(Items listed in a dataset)
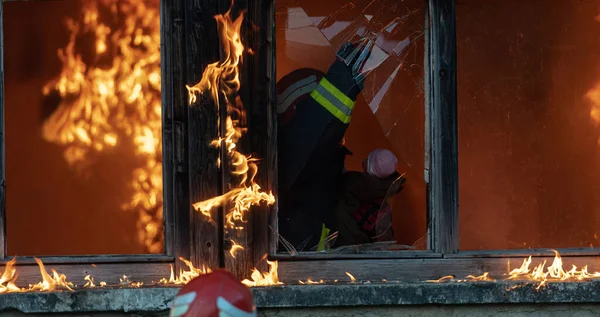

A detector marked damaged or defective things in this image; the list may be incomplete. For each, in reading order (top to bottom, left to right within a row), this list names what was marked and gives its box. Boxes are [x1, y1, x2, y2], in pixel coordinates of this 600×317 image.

broken window [3, 0, 163, 254]
shattered glass [276, 0, 426, 252]
broken window [276, 0, 426, 252]
broken window [458, 1, 600, 251]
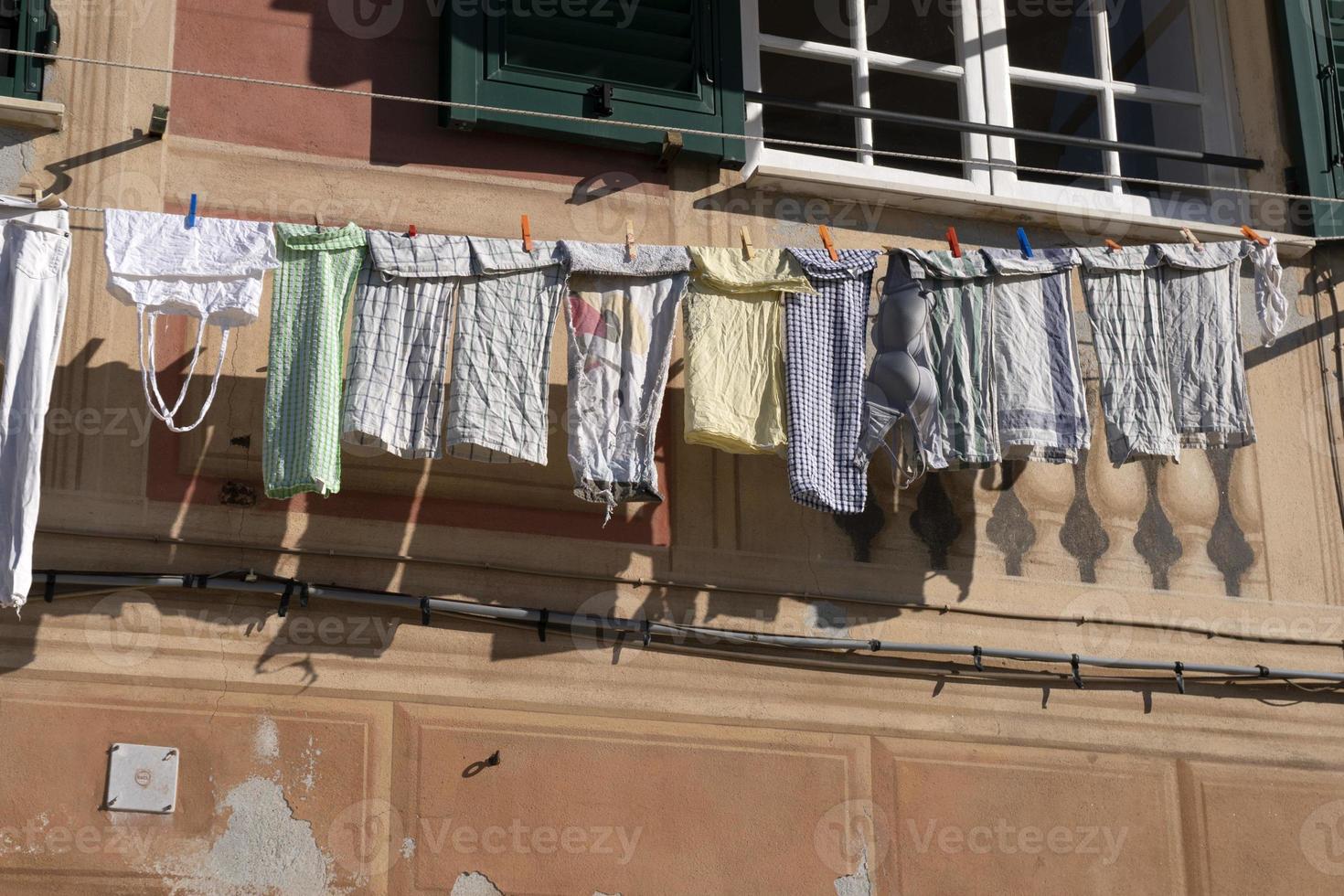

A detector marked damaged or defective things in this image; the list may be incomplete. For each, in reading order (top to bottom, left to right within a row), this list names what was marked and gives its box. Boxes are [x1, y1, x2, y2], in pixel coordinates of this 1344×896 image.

peeling paint [253, 714, 281, 763]
peeling paint [149, 773, 338, 891]
peeling paint [456, 870, 507, 891]
peeling paint [833, 854, 876, 891]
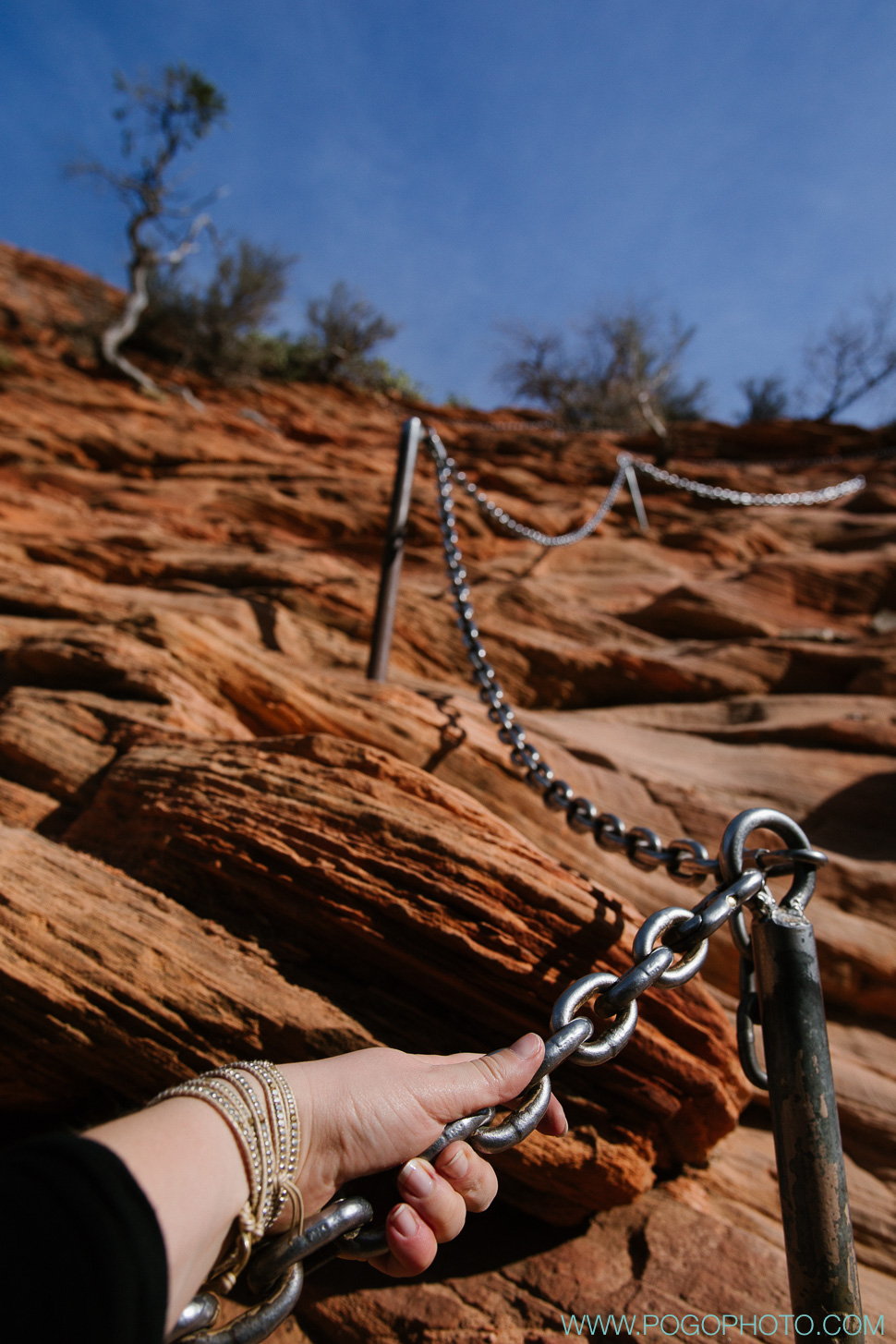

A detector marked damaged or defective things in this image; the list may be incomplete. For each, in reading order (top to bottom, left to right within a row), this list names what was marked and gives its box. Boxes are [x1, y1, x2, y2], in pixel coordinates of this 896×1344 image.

rusty metal pole [365, 417, 424, 683]
rusty metal pole [752, 908, 865, 1338]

*What the exercise asks*
Give back every record above exactly as written, skipping each picture.

*Answer to the exercise*
A detector marked damaged or defective things in this image; the list may be incomplete. For each, in reading order (top to bottom, left to right within a row), this list names what was marked and gives its box. Boxes are [x1, y1, x2, y2], in pixel coordinates of this 600×317 image.

broken window [3, 0, 163, 254]
shattered glass [276, 0, 426, 252]
broken window [276, 0, 426, 252]
broken window [458, 1, 600, 251]

A detector marked damaged or defective things in this image; the list may be incomplete. For each, in reading order (top to bottom, left to right within a row), this list names what was marked and gives its box. Boxes are [x1, y1, x2, y2], in pixel coordinates of this 1344×896 image.

peeling paint [253, 714, 281, 763]
peeling paint [149, 773, 338, 891]
peeling paint [456, 870, 507, 891]
peeling paint [833, 854, 876, 891]

A detector marked damaged or defective things in this image; the list may be incomplete. For each, in reading order (top to bottom, left to right within a row), this list names what was marked and gives its box. Boxes are [x1, y1, x2, y2], in pixel coordinates of this 896×1344 image.

rusty metal pole [365, 417, 424, 683]
rusty metal pole [752, 908, 865, 1338]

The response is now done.